1) To the THF/PVC mix was slowly added a saturated NaCl water solution in a 1:1 ratio. Two clear, fully separate layers were obtained, the bottom one presumed to be the NaCl solution and upper the THF/PVC mix.
Upon heavy shaking, a large amount of PVC separated as white fibers and immediately three layers formed: a bottom water-clear NaCl solution layer, a middle, fairly thick layer consiting of a bunch of PVC fibres and a top,
very cloudy layer of THF (obviously containing some PVC).
Following 30 minutes, around 50% of the fibres from the middle layer suprsingly dropped to the bottom of the flask. 2 hours later the top layer was still as cloudy as before but around 75% of the "fibres" and "flakes" had sedimented to the bottom of the NaCl solution.
Result: it was decided that this method was unsatisfactory in purifying the THF out of the THF/PVC mix.
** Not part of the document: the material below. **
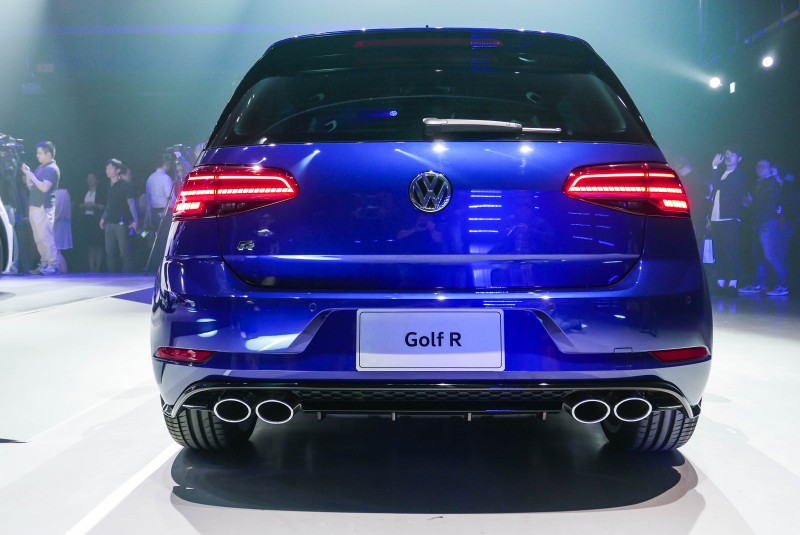 Golf R將R專屬運動化懸吊、4MOTION主動式智慧型四輪傳動系統、DCC主動式底盤控制系統與Progressive Steering動態齒比轉向輔助系統等競技設定全數上身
2) Pure water and THF/PVC mix were mixed in a 1:1 ratio. The solution turned uniformly very cloudy, almost milky and a large bundle of PVC fibres floated to the top. The bundle was picked out and the solution was filtered. The result was still very cloudy (containing short-length PVC polymers) and is hereafter referred to as the "filtered water/THF/PVC solution".
3) To filtered water/THF/PVC solution was added a considerable amount of salt (enough to saturate the amount of water present). This result in two layers, lower one very cloud, upper clearer but its thickness was 1/2 the bottom one. In between was a VERY thin, and OILY emultion layer.
Result: It was very interesting to note that some of the PVC moved into the the saturated NaCl solution layer, but the THF layer was still cloudy and it missed around 50% of the volumed of the THF. Unacceptable.
4) To filtered water/THF/PVC solution was added xylene in 1:1 ratio. To separate, but very cloudy layers formed with no emultion in between.
5) To filtered water/THF/PVC solution was added acetic acid (10%) so that the amount of pure acetic acid was 1/10th molar ratio of the THF. Following that was added Ca(OCl)2, 3/4th molar ratio of THF at the rate of 1-3 grams per minute (some 20ml of THF were used). After each addition the temperature rose from 15 to 30-40 degrees Celsius.
After the addition was complete, there was a LOT of precipitate in the flask, probably excess Ca(OCl)2 but also CaCl2. The liquids were decanted and combined with xylene (couldn't find DCM of satisfactory quality). The xylene extract was water-clear but
yellow and slightly greenish in color. After 8 hours of standing, the yellow colour disappeared.
Question: What was the yellow greenish color (chlorine?) and why is it gone (did xylene get chlorinated? what is there in the flask now?).
Can anyone suggest a better means of getting rid of the PVC (without distillation) ?
Evaporation of xylene will be undertaken when sufficient tools will be available
.